In plain sight.

April 11, 2016

pasta

I buried my face a little deeper into my bowl of homemade pasta. Licking lemon cream sauce from my fingers, I heard Emily Post’s voice whisper politely, Mallory, where are your manners? I decided that etiquette is for fools who don’t appreciate good food. Sorry, Ems. At the table next to me, a youngster was given permission to order off of the “big kids menu.” She’s now holding her steamed broccoli by the trunk and shoving it in her grandma’s face. I nod in her direction, because she is my people.

What I haven’t told you yet is that my partner Steve is staring at me from across the table. He’s not staring because he’s in cahoots with Emily Post. He’s not giving me googly eyes. He’s looking at me like he did while I KonMari-ed our entire house instead of Doing The Thing I really should be doing. We’re having one of those couplesy talks about our future and what we want out of this life – and he’s looking at me with those judgy-we’re-about-to-have-real-talk-eyes.

I looked to my $7 glass of Malbec for some empathy and nervously slid around the magnetic words on the wall beside me to spell out, “God said more pie.” Saving me from myself, our server swooped in to wipe splatters of sauce off the table, which would have otherwise been absorbed by the elbows of my white sweater. What can I say? Wearing white to an Italian eatery makes me feel like a badass.

“Bower. You need to write.”

Strings of dough still wound loosely around metal tines, I started crying.

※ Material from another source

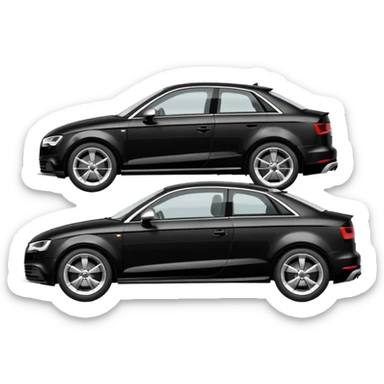 emoji of a black car, model audi a3, being towed by a tow car. profile horizontal view sticker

Whatever, my pappardelle needed more salt, anyway.

Shit.

Nothing, I mean nothing, makes a hardass feel more exposed than crying in public. While being metaphorically naked in the middle of dinner rush can be scary, it can also be exhilarating. For me, it’s usually a sign of something bigger.

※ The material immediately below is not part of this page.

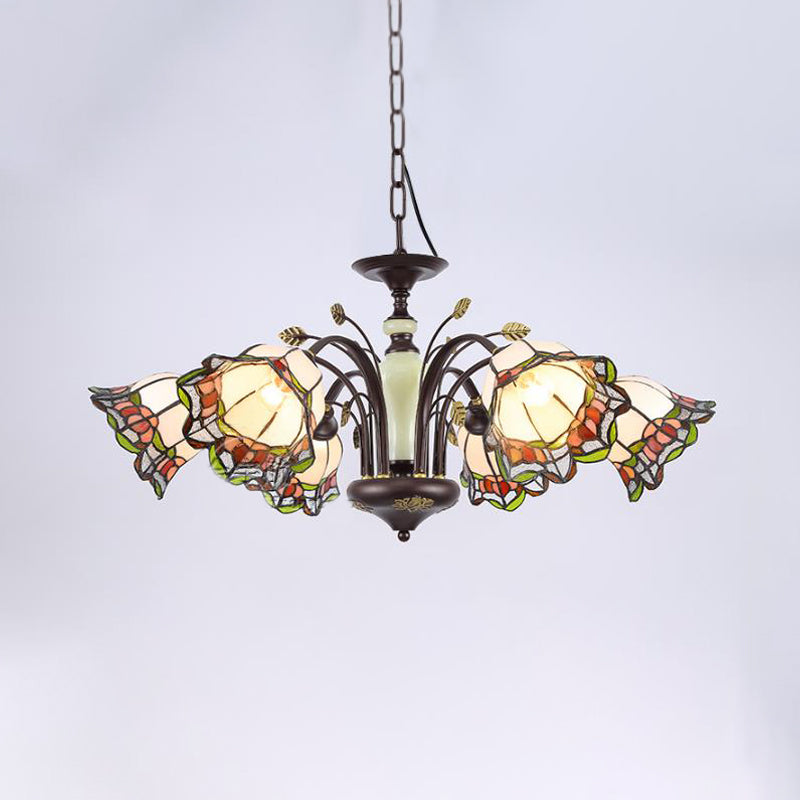 Stained Art Glass Bronze Pendant Chandelier Floral 3/6/8 Lights Tiffany Style Hanging Light Fixture for Bedroom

Full disclosure: I usually ignore these signs.

I cry when I read prose so beautiful that it should be tattooed on my forearm. I cry when dissonant notes become compatible and I squeeze my eyes shut so I can absorb their resolve. I cry when I am scared and lost and hopeful. I cry when I feel like God can see me hiding in plain sight, doing everything but the thing.

Being seen is something we all hope for, but on our own terms, right? I suppose it doesn’t really work like that. Eventually we are all noticed for the beautiful, hypocritical, scared messes that we are. You know, just minding our own business, eating our pasta dinners, naked.

I’m learning that seeing and being seen are gifts – and you need them both to make art.

Creating is about painting a vague past with striking detail. It’s about connecting the dots for those who weren’t there. It’s about bringing people together through sights and sounds and feelings. You are helping them to feel that feeling for the first time and to let them know that you’re right there with them.

So yeah, I know you can see me, hiding in plain sight. And maybe you’re tired of me writing about writing the thing. Are you? I suppose it’s part of my process – writing about writing the thing, and hopefully shaking something loose. Hang in there, will ya? I’m giving you permission to keep staring at me with your judging, yet understanding eyes. Because I see you, too. Moving and shaking and crying and hiding right here with me.

[ “Look closer.” – Rafiki ]

2 Comments
April 11, 2016 @ 4:58 pm

Keep slingin that Malbec and raise a glass to Papay. He’s right. Keep writing about writing, or whatever it is that gets you closer to doing The Thing.

Reply
    April 14, 2016 @ 9:47 am

    Thanks, Lady! Helps to have people like you to give me that push. Cheers!